Author: G.K. Chesterton
Genre: Mystery? Not sure?
Perhaps best known to the general public as creator of the “Father Brown” detective stories, G.K. Chesterton (1874-1936) was especially renowned for his wit, rhetorical brilliance and talent for ingenious and revealing paradox. Those qualities are richly brilliant in the present volume, a hilarious, fast-paced tale about a club of anarchists in turn-of-the-century London.
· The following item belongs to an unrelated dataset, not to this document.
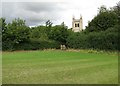 Leighton Bromswold: church tower and kissing gate in Leighton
The story begins when Gabriel Syme, a poet and member of a special group of philosophical policemen, attends a secret meeting of anarchists, whose leaders are named for the days of the week, and all of whom are sworn to destroy the world. Their chief is the mysterious Sunday – huge, boisterous, full of vitality, a wild personage who may be a Chestertonian vision of God or nature or both. When Syme, actually an undercover detective, is unexpectedly elected to fill a vacancy on the anarchists’ Central Council, the plot takes the first of many surprising twists and turns.
Rating: Unique, Enticing, Chaotic, Emotional-on-a-primal-level
The Man Who Was Thursday is one of the books that’s hard to say much about without touching what I think are called “spoilers,” and it’s hard to know how they apply to this book: is everything a spoiler, or is nothing a spoiler? To me, spoilers are rare, and the great drama and pathos exists in the scenes themselves and the way they all hang together (that is not to say that I am saying you should read the book in order; I did not, but it is certainly confusing enough even read in order or mostly in order). But I’ll try to say what I can without the spoilers.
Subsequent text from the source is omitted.